On April 14th, the first of the monthly Brown Bag Luncheon speakers series will feature a discussion of the Lakota kinship system and how its intricacies compare with the dominant culture.
June 3, 2017, is Community Unity Day in Rapid City, featuring the Four Directions Five Kilometers (4D5K) race/run, which draws competitors from far and wide.
The Healing and Transformation Team also strongly supports the annual Native American parade in Rapid City, an event that grows each year.
Plans are formulating to hold a Community Justice Summit on September 13-14, 2017. Conversation participants identified several areas of concern with law enforcement, including unsolved murders in Rapid City, the high Native arrest rate, and wearing of body cams by police, that they intend to discuss during the Summit.
Stephanie of the Mitakuye Oyasin (We Are All Related) team spoke of plans to honor the late Linda Edel, former director of the Community Action Program.
On March 18, 2017, the team sponsored a “Calling Back the Thunders” ceremony at Black Elk Peak.

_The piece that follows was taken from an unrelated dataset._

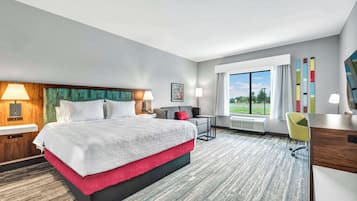 Kamer, 1 kingsize bed met slaapbank, koelkast en magnetron | Woonruimte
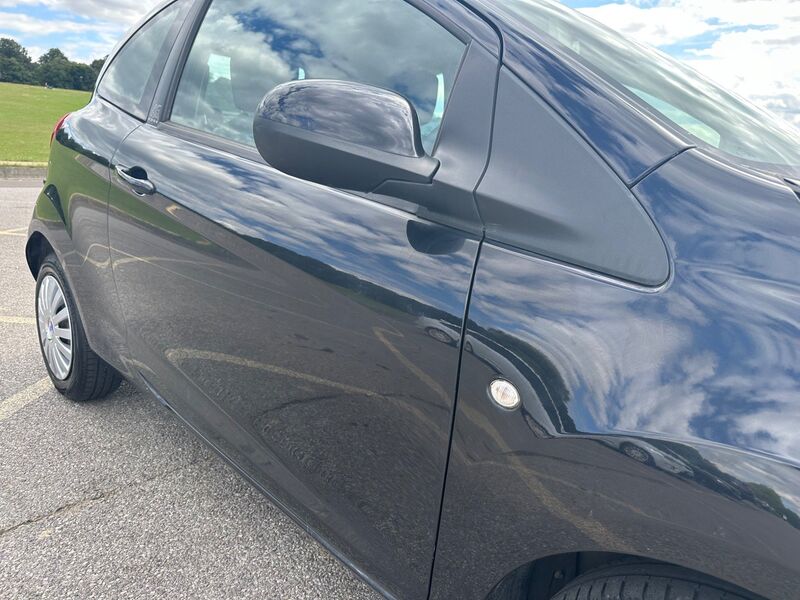 FORD KA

According to Richard Goodman in “Lakota Star Knowledge” (Sinte Gleska University, 1992), long before the advent of the horse, Lakota people used the positions of the sun and stars as guides for the timing of various ceremonies at sacred landmarks in Paha Sapa (the Black Hills). When the sun entered certain Lakota constellations, the People knew to be at specific places to participate in annual ceremonies. When the sun was in Wicincala Sakowin (Seven Little Girls—the Pleiades) the People went to Hinhan Kaga Paha (Place of the Making of Owls—Black Elk Peak) to celebrate Yate Iwakicipi—Welcoming Back the Thunders. Goodman wrote:
“The ceremony at the [Black Elk] Peak area was called, 'They are dancing for the thunders that are theirs,' Yate Iwakicipi. It was a ceremony to welcome back Wakinyan, a spiritual power which manifested itself through thunder and lightning. Wakinyan is both a life-giving and a life-destroying power that fights against evil.” (pg 12)
Additionally, the team is in contact with local faith communities and conferring about sponsoring interfaith conversations on topics such as racism, DAPL, and White privilege.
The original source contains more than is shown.